She's a former writer for Salon, so that helps explain things, heh.
After Dallas, we dont need to say 'Blue Lives Matter'- it's as established as white supremacy. My 1st @RollingStone: https://t.co/pY4CObQ6Tl— Natasha Lennard (@natashalennard) July 8, 2016
I won't say Blue Lives Matter, because it does not need to be said. We know this because the death of five officers this week provoked an immediate response from the president, as did the assassination of two NYPD officers in 2014. That's what mattering looks like. While the president’s remarks earlier in the week on the deaths of Alton Sterling and Philando Castile were moving, dozens of unarmed black men killed by cop go without presidential comment....Ms. Lennard is someone whose default position is to hate the police, and it's visceral.

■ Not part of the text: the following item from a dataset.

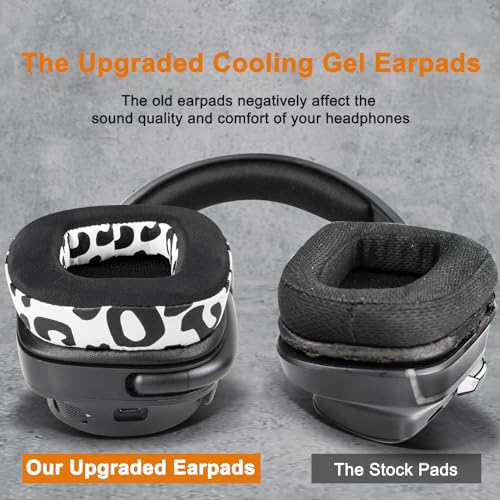 SOULWIT Cooling Gel Ear Pads Cushions Replacement for Logitech G35 G930 G933 G935 G633 G635 G533 G430 G431 G432 G433 Gaming Headset, Earpads for G332 G230 G231 G233 Headphones - Snow Leopard - color: Snow Leopard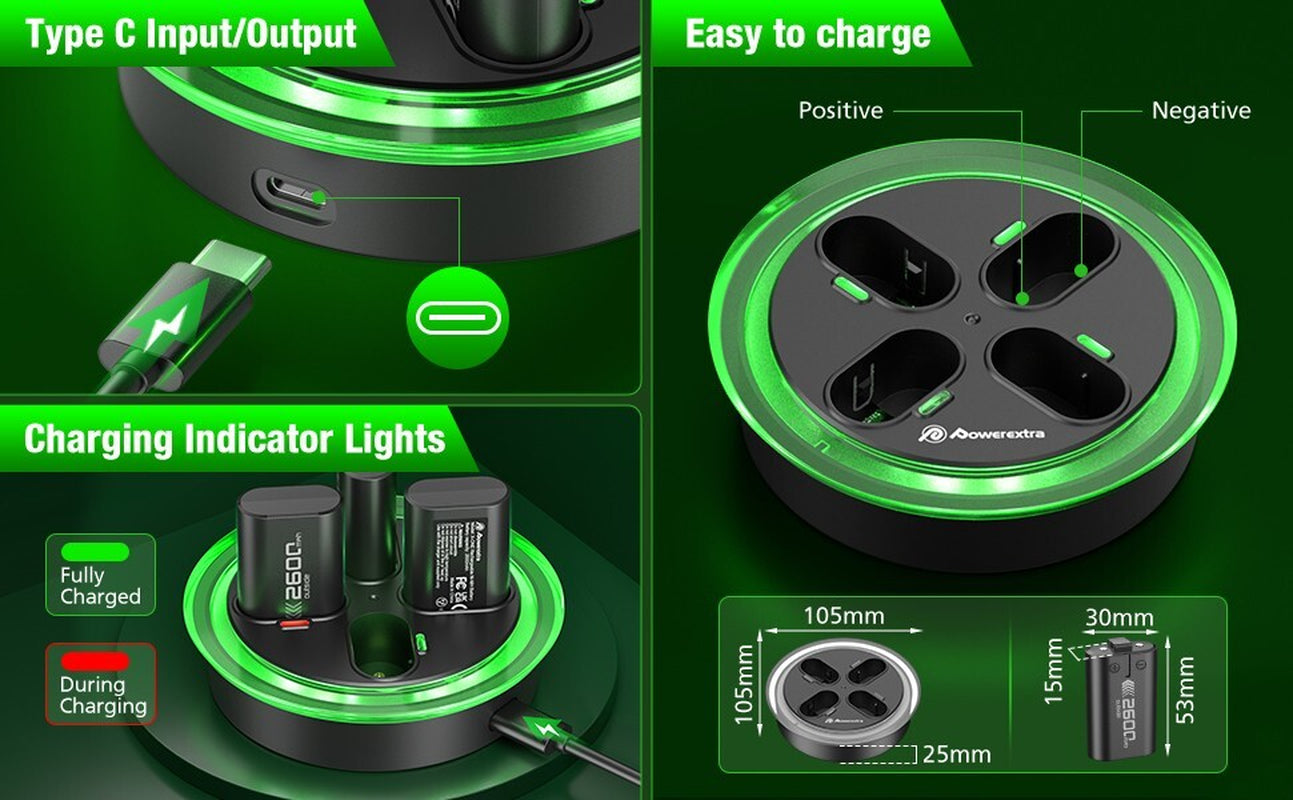 Rechargeable Battery Pack& Controller Charging Dock for Xbox One Xbox Series S/X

There was never any doubt about the mattering of cops' lives in this country. To say Blue Lives Matter is to falsely assert that the cops' lives are undervalued and systematically discarded. They are not — no life should be — and the shootings in Dallas do not change that fact.
Five police deaths provoke cries of "Civil War," but hundreds of black deaths are just the "tragic" normal.
And that is why we continue to shout "Black Lives Matter" — the statement contains in itself the recognition that it very much still needs to be said.
It's also relevant that it has consistently taken the visceral and visual representation of black death — Emmett Till's broken corpse in the open casket his mother demanded, Mike Brown's body in the street, Philando Castile bleeding out onto his whiteT-shirt — to prompt popular and media outrage. Black civilian bodies get humanized only through death. It doesn't take a photo or video of a killed cop to provoke outcry. That mattering doesn't demand brutal spectacular cues.
Which is not to delegitimize growing fears among police ranks that they will become targets by virtue of their profession, their uniform. Dallas shows the validity of these concerns. Yet it remains the case that policing does not even rank in the ten most dangerous jobs, according to a 2015 Bureau of Labor Statistics report. Fisherman, farmers and, above all, loggers are more likely to die on the job, and police are, according to the same statistics, more likely to commit suicide than be killed by a criminal. While cops may have reasons for increased concern, this does not deserve a movement. There remain no grounds at all to call police officers a persecuted minority, nor to equate the oppression of black life with that of police in America....
By comparison, for example, Peter Liang was the first NYPD officer to be convicted for an on-duty killing in the last ten years. He shot unarmed black man Akai Gurley in a Brooklyn project housing stairwell, after he had his gun drawn because a stairwell light was out in the residential block he was patrolling. He had not been called to the scene of a crime. He won't spend a day in jail; his manslaughter conviction was accorded a sentence of five years' probation.
I'm not equating the intentional assassination of police officers with the (regular) killing of black people by cops. I don't believe most cops are hunting down black people — but I also don't believe murderous racist intention is necessary to make an execution a brutal, racist act. There are not very many people hunting down cops. Cops' lives are already valorized; it costs everything to take one. For a cop to take a black life, in criminal-justice currency, costs nothing at all. This, again, is what mattering does and does not look like.
Keep in mind that police are the only ones who run to the source of danger, to protect those very same people, black Americans. No one is more important to the lives of blacks, with the sole exception of black families themselves. But as Heather Mac Donald has said, until we see the reconstitution of the black family in America, it's the police who're the first line of defense for at-risk black communities. Leftists like Natasha Lennard thus make the problem worse, actually threatening the safety of black lives.
She might as well be saying, "No Lives Matter," for that's the logical consequence of her thesis.